US President Barack Obama has ridden a surge of support this month to reclaim an approval rating above the symbolic 50-percent threshold for the first time since mid-2009, a new poll has found. On the two-year anniversary of Obama's historic inauguration, a growing number of Americans see the US economy improving in coming years, but also voiced mounting concern about the stubbornly high unemployment rate, now at 9.4 percent.
According to Thursday's Wall Street Journal/NBC News poll. Obama's approval rating surged to 53 percent, a whopping eight points higher than in December, when an end-of-session US Congress saw Obama shift to the center to earn key bipartisan legislative achievements including passage of a landmark arms reduction treaty with Russia.

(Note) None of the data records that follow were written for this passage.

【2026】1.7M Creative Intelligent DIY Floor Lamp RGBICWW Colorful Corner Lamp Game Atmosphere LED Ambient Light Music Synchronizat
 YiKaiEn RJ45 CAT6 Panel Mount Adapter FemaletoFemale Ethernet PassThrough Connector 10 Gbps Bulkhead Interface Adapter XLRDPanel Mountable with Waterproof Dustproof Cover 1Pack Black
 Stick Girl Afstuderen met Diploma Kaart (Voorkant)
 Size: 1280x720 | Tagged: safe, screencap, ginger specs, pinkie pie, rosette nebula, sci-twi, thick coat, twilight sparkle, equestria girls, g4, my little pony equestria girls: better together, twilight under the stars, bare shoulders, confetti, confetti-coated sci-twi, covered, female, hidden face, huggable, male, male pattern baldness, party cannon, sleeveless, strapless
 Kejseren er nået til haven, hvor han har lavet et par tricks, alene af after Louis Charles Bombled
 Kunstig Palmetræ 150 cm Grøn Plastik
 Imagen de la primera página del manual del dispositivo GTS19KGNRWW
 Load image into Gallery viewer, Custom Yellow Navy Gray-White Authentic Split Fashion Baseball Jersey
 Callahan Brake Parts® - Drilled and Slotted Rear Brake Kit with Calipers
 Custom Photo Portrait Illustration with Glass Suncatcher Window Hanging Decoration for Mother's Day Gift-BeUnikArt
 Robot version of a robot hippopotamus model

The across-the-board rating improvements also saw the Democratic Party enjoy a net-positive rating, and will see the president ride into his State of the Union speech later this month in a better position than many analysts had predicted as his Republican foes took control of the House of Representatives in early January. "The last six weeks have been the best six weeks the president has had in his first two years in office," said Democratic pollster Peter Hart, who conducted the survey with a Republican pollster.
In early January, Labour Department data showed the unemployment rate declined from 9.8 percent in November to 9.4 percent last month, and the president on January 12 delivered a well-received speech at a memorial for victims of the deadly Arizona shooting.